--- Supplied material Enclosed Below ---

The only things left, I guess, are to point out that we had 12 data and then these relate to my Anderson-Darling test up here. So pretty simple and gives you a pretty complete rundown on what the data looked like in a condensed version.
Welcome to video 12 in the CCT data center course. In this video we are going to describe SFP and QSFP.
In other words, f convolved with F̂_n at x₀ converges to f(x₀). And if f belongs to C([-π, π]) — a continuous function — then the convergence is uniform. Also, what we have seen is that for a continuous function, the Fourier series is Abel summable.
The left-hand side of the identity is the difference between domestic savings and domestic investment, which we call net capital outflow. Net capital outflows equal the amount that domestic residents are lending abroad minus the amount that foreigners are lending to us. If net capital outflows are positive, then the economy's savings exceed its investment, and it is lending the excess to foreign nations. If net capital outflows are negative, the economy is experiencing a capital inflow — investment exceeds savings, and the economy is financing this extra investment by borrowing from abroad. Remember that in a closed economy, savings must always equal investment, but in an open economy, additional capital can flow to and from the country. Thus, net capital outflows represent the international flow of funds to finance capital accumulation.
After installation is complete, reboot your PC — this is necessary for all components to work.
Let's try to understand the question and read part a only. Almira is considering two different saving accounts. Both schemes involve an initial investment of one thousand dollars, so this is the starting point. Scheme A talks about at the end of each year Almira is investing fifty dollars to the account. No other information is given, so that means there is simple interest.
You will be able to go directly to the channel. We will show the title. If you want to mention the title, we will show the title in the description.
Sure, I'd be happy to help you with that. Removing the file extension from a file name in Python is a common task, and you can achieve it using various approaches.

--- End of Enclosed Supplied material ---
--- Supplied material Enclosed Below ---

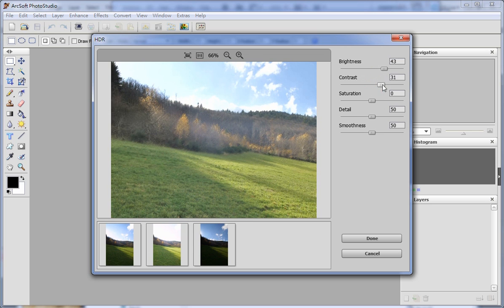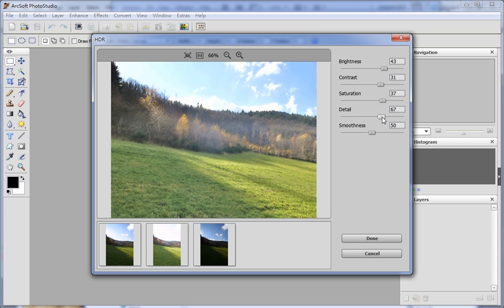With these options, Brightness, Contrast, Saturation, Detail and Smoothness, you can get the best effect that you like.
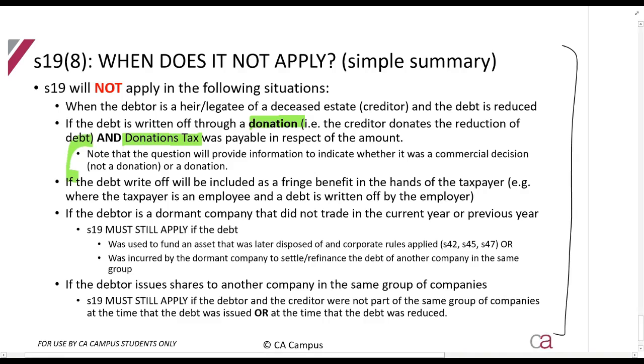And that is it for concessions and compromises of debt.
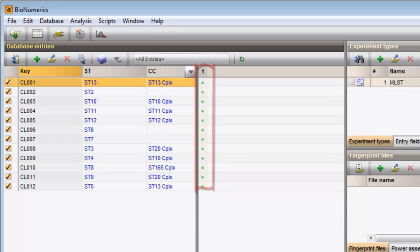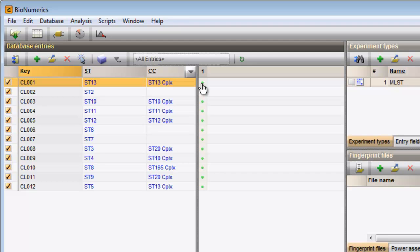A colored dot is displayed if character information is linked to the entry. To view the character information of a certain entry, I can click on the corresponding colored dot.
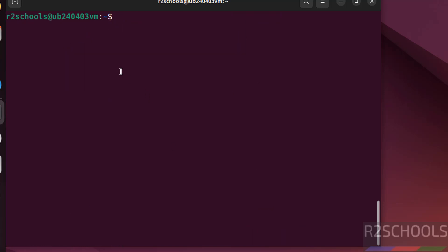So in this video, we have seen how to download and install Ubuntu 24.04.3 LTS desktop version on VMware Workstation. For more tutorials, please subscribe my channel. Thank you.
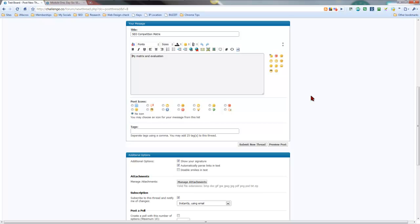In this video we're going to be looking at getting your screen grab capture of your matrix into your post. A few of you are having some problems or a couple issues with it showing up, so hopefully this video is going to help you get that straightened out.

--- End of Enclosed Supplied material ---
--- Supplied material Enclosed Below ---

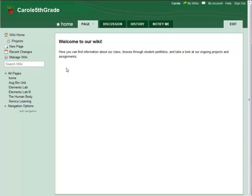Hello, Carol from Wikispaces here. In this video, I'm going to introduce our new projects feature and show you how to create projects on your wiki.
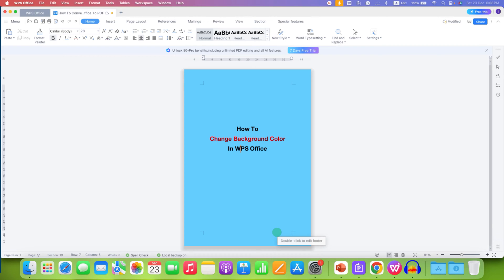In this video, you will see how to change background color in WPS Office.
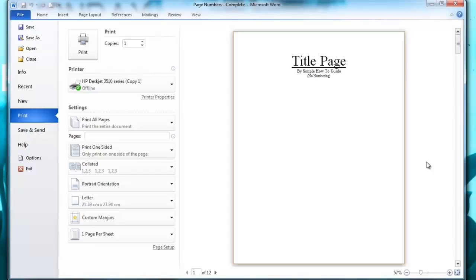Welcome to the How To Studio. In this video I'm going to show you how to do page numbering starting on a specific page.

--- End of Enclosed Supplied material ---

Task description: Copy out precisely the lines from the line with "The only things" to the line with "In other words, f" in the material above, including those two lines and omitting all the rest.

Written solution:
The only things left, I guess, are to point out that we had 12 data and then these relate to my Anderson-Darling test up here. So pretty simple and gives you a pretty complete rundown on what the data looked like in a condensed version.
Welcome to video 12 in the CCT data center course. In this video we are going to describe SFP and QSFP.
In other words, f convolved with F̂_n at x₀ converges to f(x₀). And if f belongs to C([-π, π]) — a continuous function — then the convergence is uniform. Also, what we have seen is that for a continuous function, the Fourier series is Abel summable.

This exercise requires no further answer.